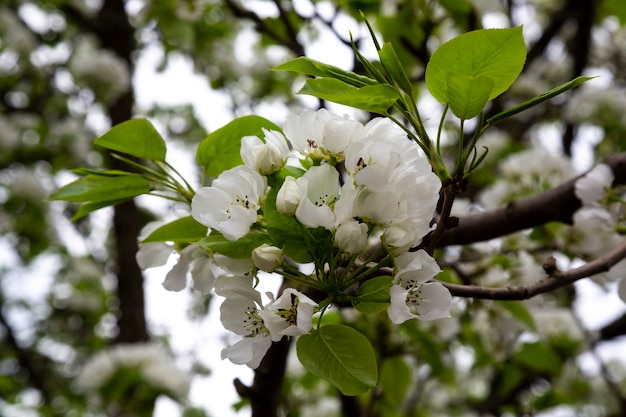 Pommiers à fleurs blanches. Saison de printemps, couleurs de printemps. Fond floral naturel des inflorescences blanches sur les branches d'un arbre fruitier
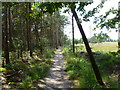 Holton Heath, footpath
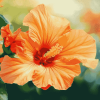 Orange Blossom Hibiscus Diamond Painting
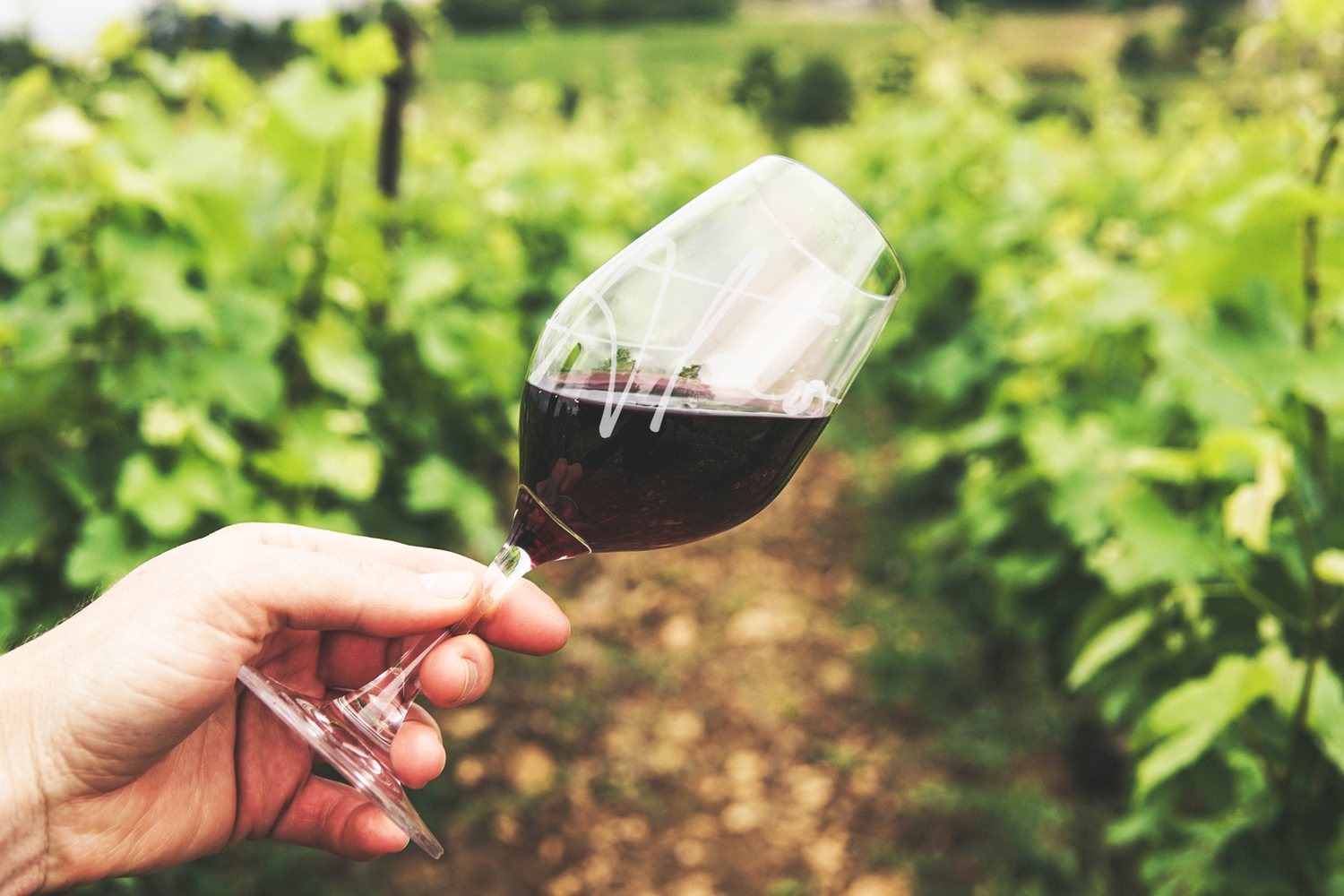 ATAO Wine — brand application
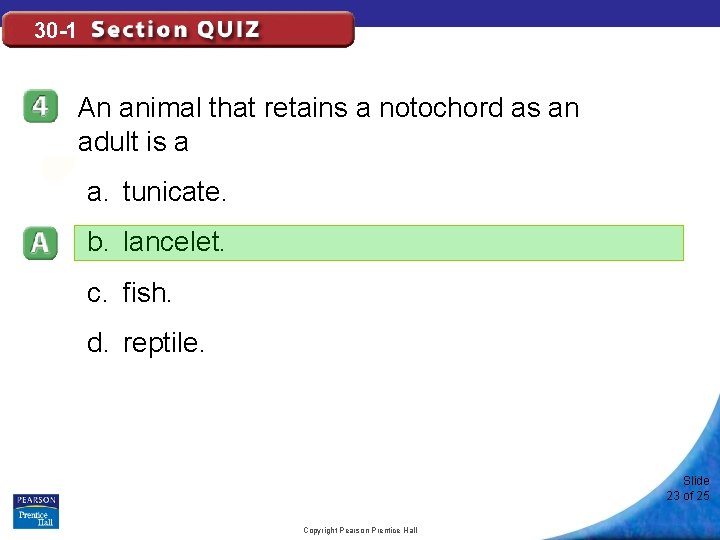 30 -1 An animal that retains a notochord as an adult is a a.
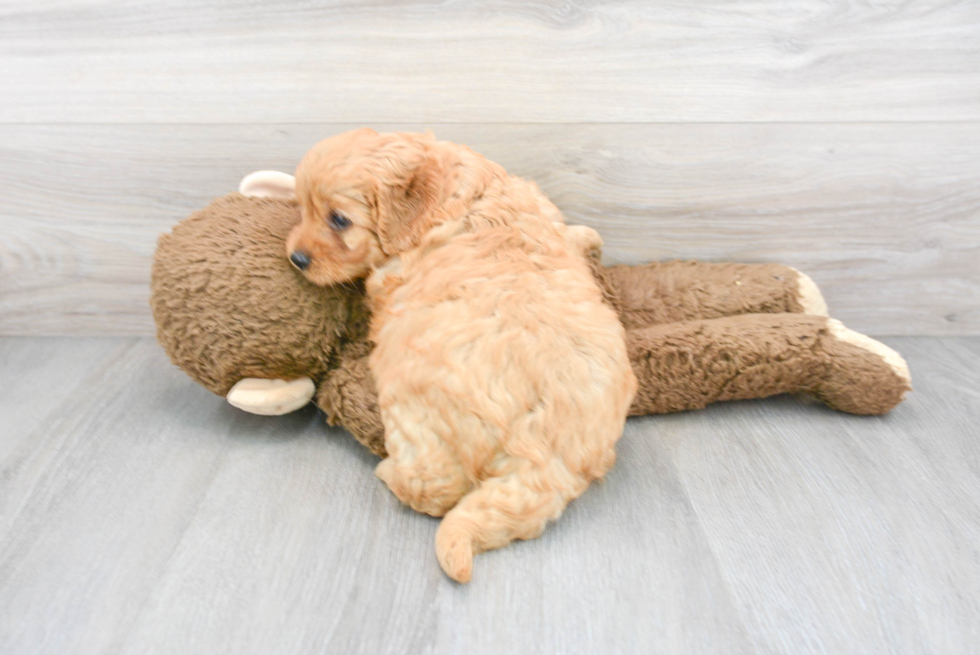 Popular Cavapoo Poodle Mix Pup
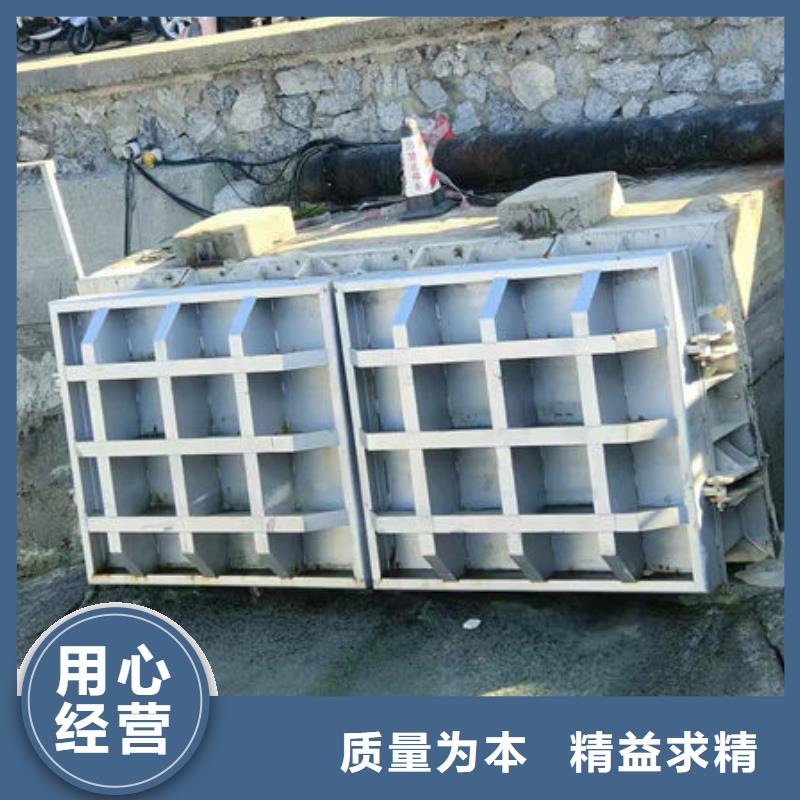 拍门-铸铁拍门厂家直营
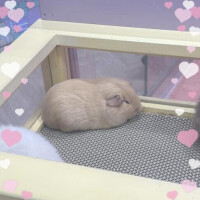 ひゅん！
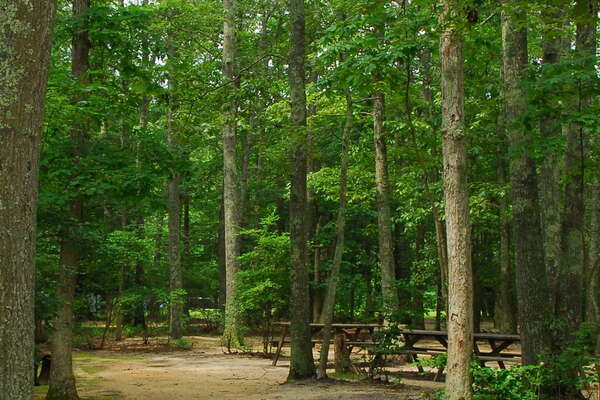 090626-130-birch-grove-campground.jpg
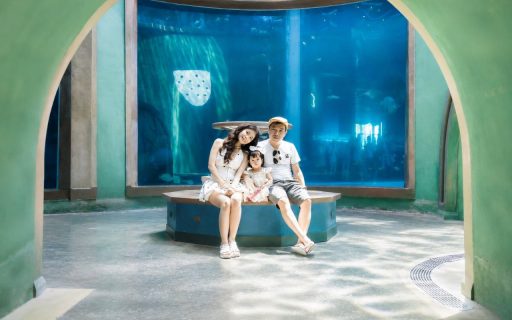 Combo Vinpearl Phú Quốc 5N4Đ | KS Sunset Town | Tour cano 3 đảo | Cáp treo Hòn Thơm 13 Combo Vinpearl Phú Quốc 5N4Đ - VinWonders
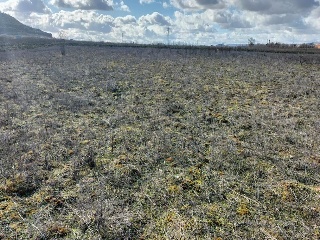 PAGO VALDEZOÑO, PARCELA 112 - POLIGONO 10 21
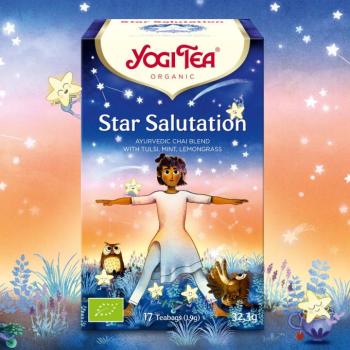 Yogi Tea Star Salutation Ayurvédikus tea 17 x 1,9 g kép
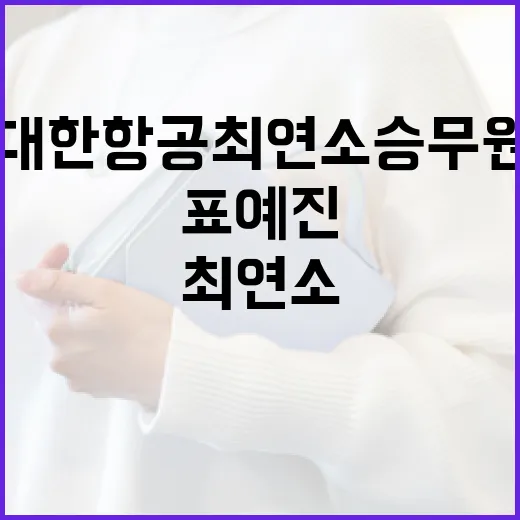 표예진처럼 대한항공 최연소 승무원이 되는 방법 - 요약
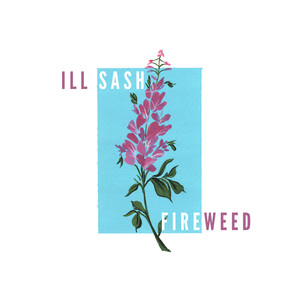 Fireweed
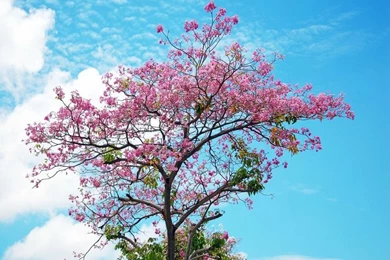 Cherry Blossom Tree 32 HD Wallpapers Wallpapers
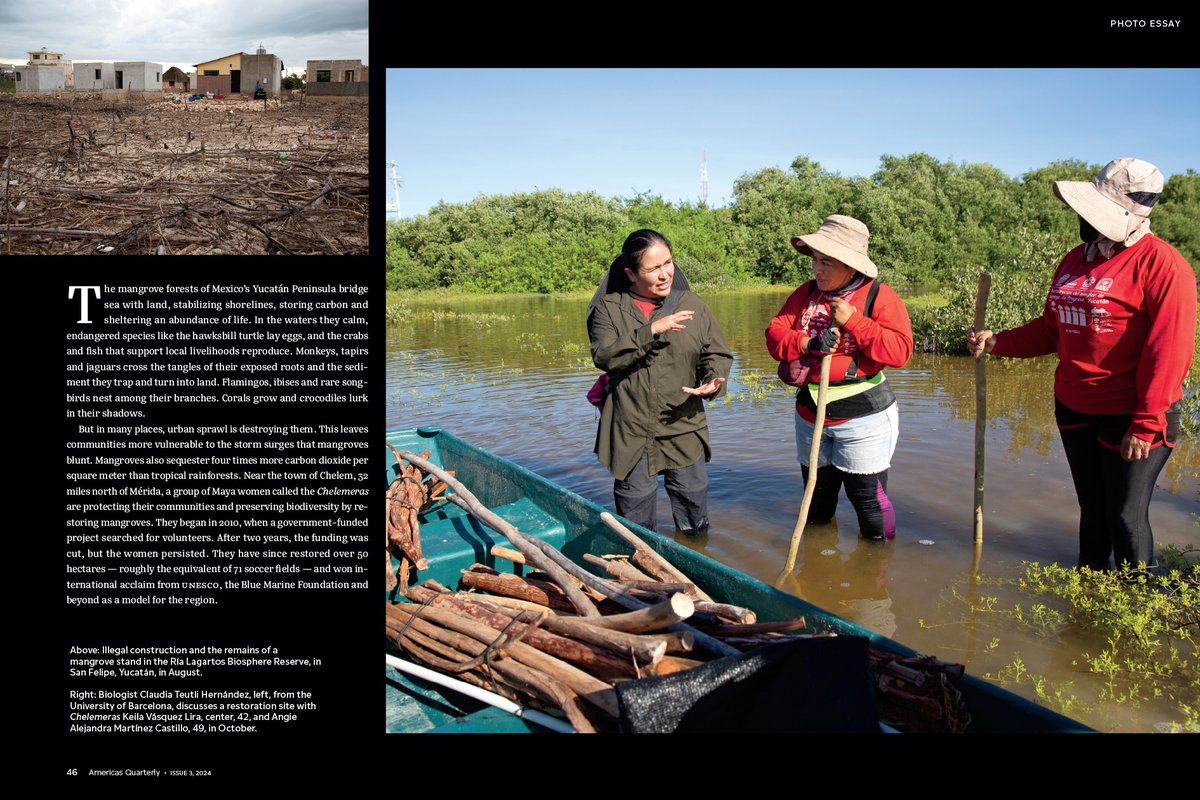 MarkViales's tweet photo. 12 pages’ Publication in @AmerQuarterly (USA)
THE MAYA WOMEN RESTORING A SANCTUARY.
Pics by @BenedicteDesrus
Text by @MarkViales
Muchas gracias a Las Chelemeras
#laschelemeras #women #Yucatán #mexico #mangroves #reforestacion #climatechange #globalwarming #environment https://t.co/zSijAvr7KD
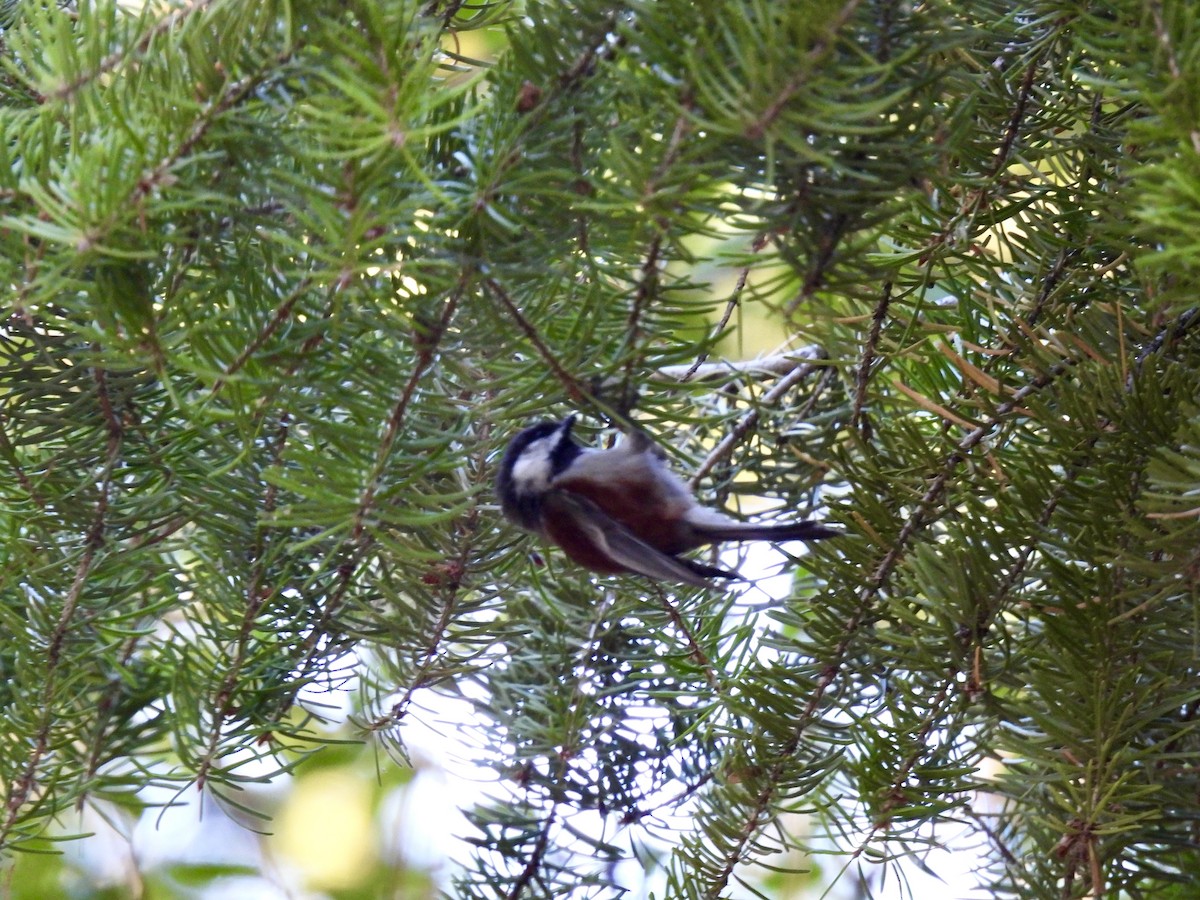 Chestnut-backed Chickadee - ML608811082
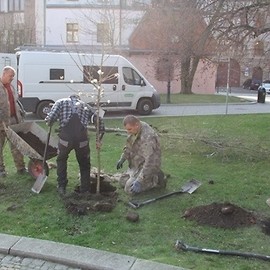 Miasto sadzi nowe drzewa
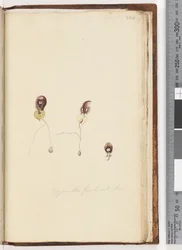 Page 226. Corysanthes fimbriata Fringed Helmet Orchid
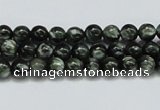 CSH01 15.5 inches 6mm round natural seraphinite gemstone beads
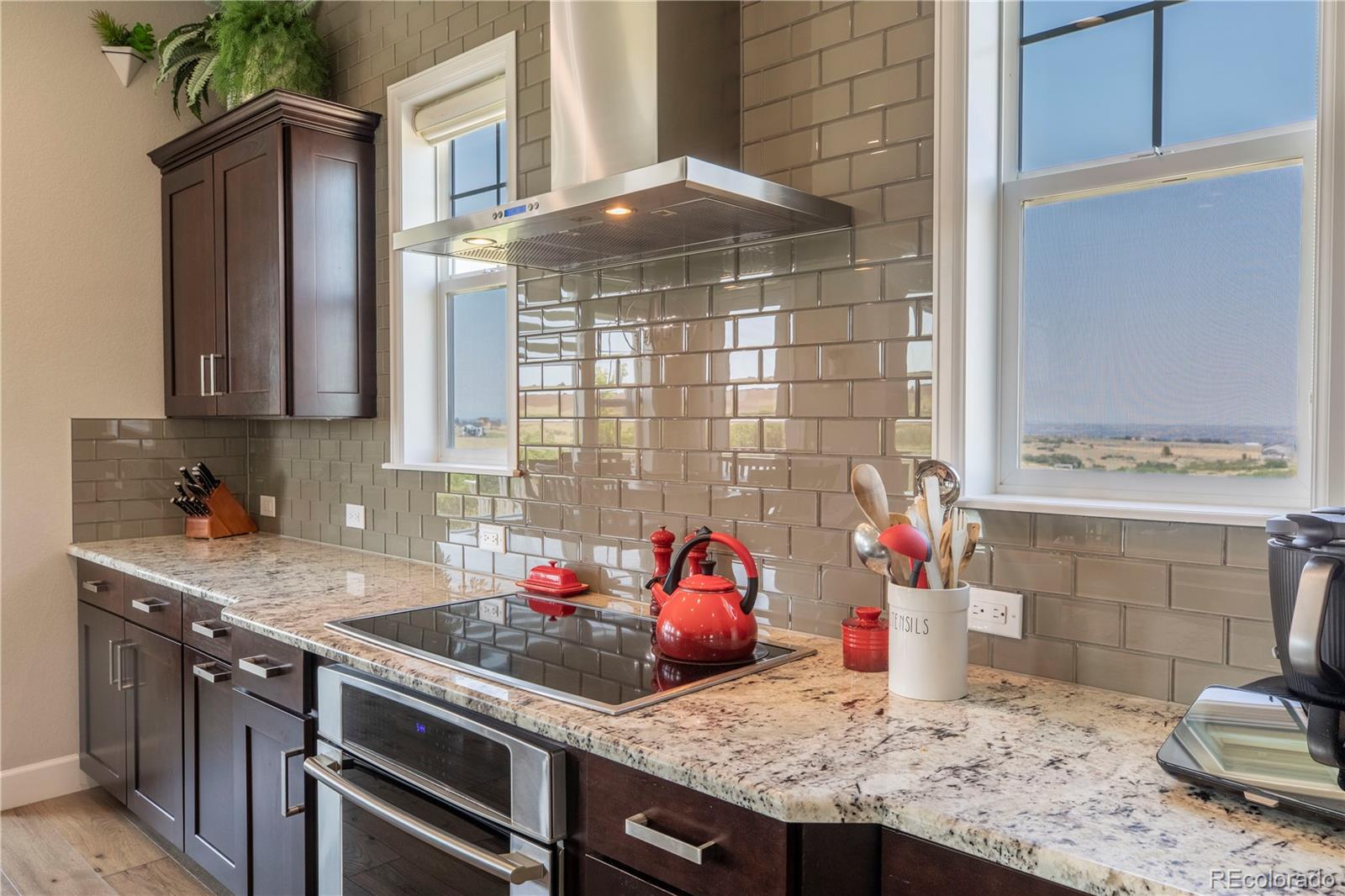 MLS Image #9 for 9190  red primrose street,franktown, Colorado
================================
**TASK ITEM:**
Please write out the lines above, beginning at the line with "CSH01 15.5 inches" and ending at the last line of the records, exactly as they appear and without pictures.

**SOLUTION TO THIS PROBLEM:**
 CSH01 15.5 inches 6mm round natural seraphinite gemstone beads
 MLS Image #9 for 9190  red primrose street,franktown, Colorado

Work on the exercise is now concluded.